I Centri “di espulsione” espellono pochissimo. E le persone che vi finiscono dentro hanno storie tra loro molto diverse. Perché le situazioni di “irregolarità” hanno svariate cause. All’interno dei Cie ci sono ex detenuti che hanno finito di scontare la pena e che passano direttamente dal carcere al Centro di identificazione prima di essere espulsi. Ma ci sono anche immigrati che risiedono da anni in Italia e non hanno potuto rinnovare il permesso di soggiorno in seguito alla perdita del lavoro.
Affermare che i Cie sono inutili non significa ovviamente sostenere che le espulsioni, quando la legge lo richiede, non debbano essere praticate. Significa prevedere meccanismi che consentano di farlo in modo più semplice.

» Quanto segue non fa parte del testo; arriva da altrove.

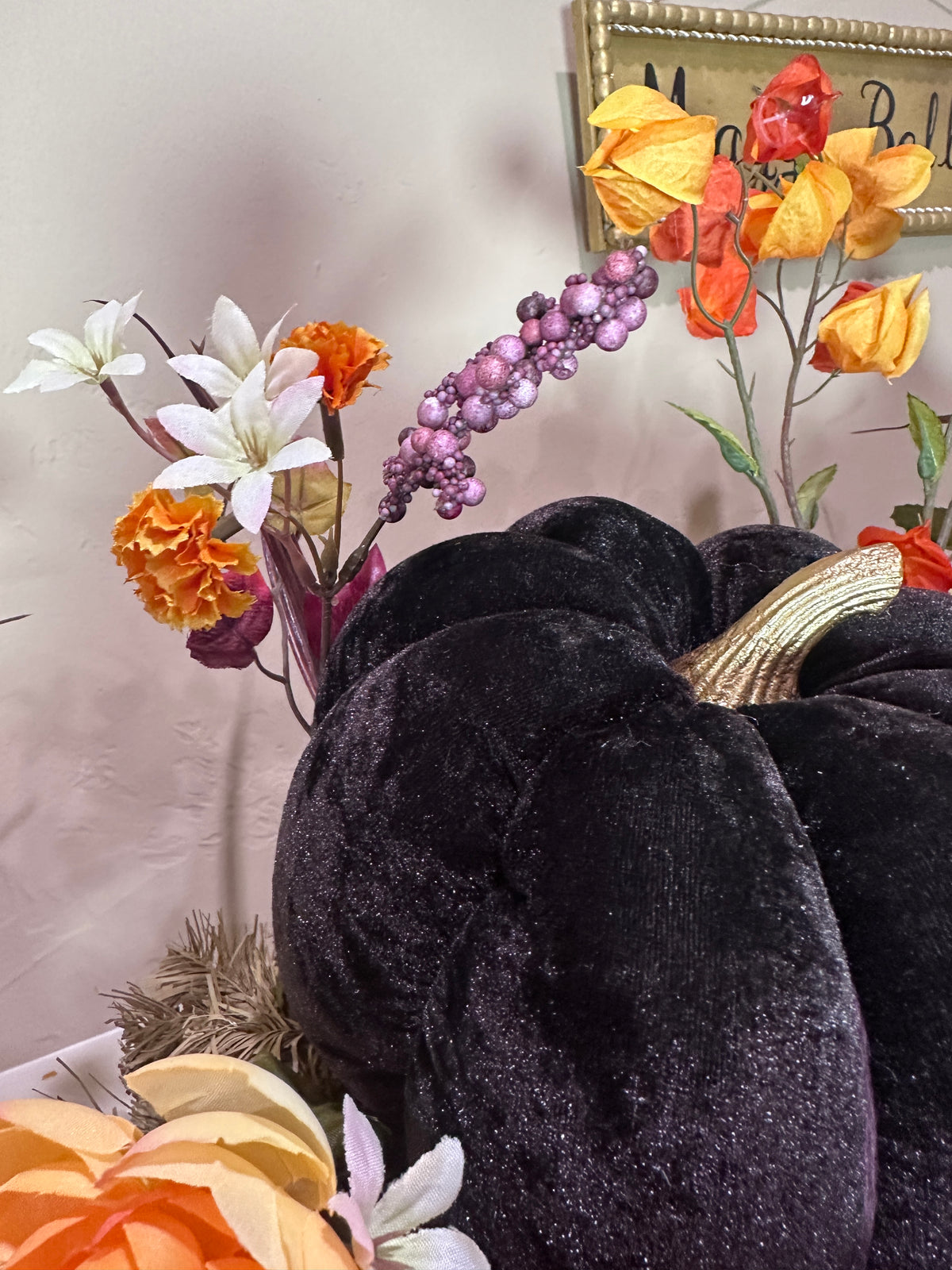 Autumn Velvet Pumpkin Mantel Arrangement, 77" Fall Decor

Alcuni sono già previsti e si tratta solo di renderli operativi. Nel caso di quanti sono destinati all’espulsione dopo aver scontato una pena detentiva, per esempio, esiste dal 2013 un decreto del ministro Cancellieri che prevede che l’identificazione avvenga presso gli istituti penitenziari. Applicarlo eliminerebbe il transito nei Cie degli ex detenuti (che di fatto patiscono un prolungamento della condanna) e la loro convivenza con stranieri che hanno commesso il solo “reato” di aver perso il lavoro o di essere rimasti in Italia dopo la scadenza del visto.

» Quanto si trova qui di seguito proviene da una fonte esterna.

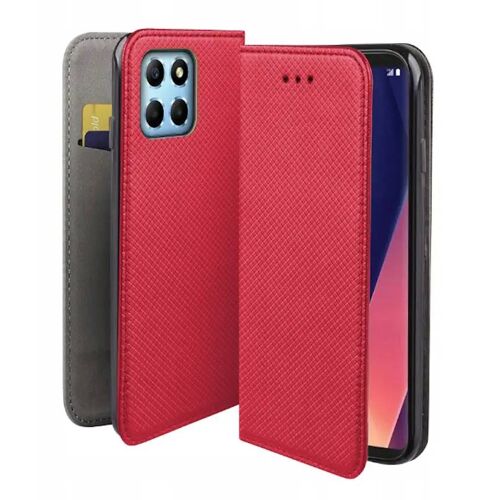 Housse pour Honor 200 Smart 5G / Honor X7c - etui coque pochette portefeuille + verre trempe - ROUGE MAGNET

La casistica delle persone che è possibile incontrare nei Cie è molto ampia. Ci sono anche giovani stranieri che hanno sempre vissuto in Italia e che, al compimento dei 18 anni, non hanno potuto iscriversi a un corso di studi o firmare un contratto di lavoro. In base alla normativa attuale si trovano così in una condizione di ‘irregolarità’ che li porta all’interno dei Cie. Raramente vengono espulsi, perché nel frattempo intervengono i familiari e gli avvocati. Ma vi transitato, ci restano per mesi, con ulteriori costi per lo Stato. Costi che vengono aggravati dalle spese sanitarie. Chi si trova improvvisamente recluso in un luogo che ha tutto l’aspetto di un carcere (e infatti ci sono anche ex detenuti) vive situazioni drammatiche sul piano psicologico e fisico. Non è un caso che nei Cie si faccia un grandissimo uso (e abuso) di psicofarmaci.

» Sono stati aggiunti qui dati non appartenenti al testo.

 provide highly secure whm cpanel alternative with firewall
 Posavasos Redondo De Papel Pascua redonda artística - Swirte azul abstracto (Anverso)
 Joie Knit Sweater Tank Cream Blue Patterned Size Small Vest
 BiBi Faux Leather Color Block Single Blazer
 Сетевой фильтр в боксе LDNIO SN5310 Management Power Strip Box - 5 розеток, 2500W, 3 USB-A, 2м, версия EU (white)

In definitiva, sostiene il rapporto della Commissione diritti umani, se si escludono i casi delle persone effettivamente pericolose, ci sono molti altri strumenti diversi dai Cie, meno costosi, meno disumani, per affrontare i casi di irregolarità: “Basterebbe un obbligo di firma o di dimora, vincoli e limiti ai movimenti per verificare che lo straniero irregolare sia reperibile dalla forze di polizia (misure peraltro già previste ma raramente applicate). E così i Cie sarebbero ridotti a pochi locali necessari a ospitare per qualche notte chi sia in attesa di un rimpatrio ormai esecutivo”.
Secondo un’articolata ricerca dell’Associazione Lunaria56 – i cui dati sono stati recepiti nel rapporto del Senato – dal 2005 al 2011 lo Stato ha impegnato in media 143,8 milioni di euro l’anno per gestire, mantenere e ristrutturare l’insieme dei vari centri. Se poi si va ad analizzare la gestione fatta da alcuni degli enti gestori si apre un ulteriore, spesso inquietante, capitolo della triste storia dei Cie italiani.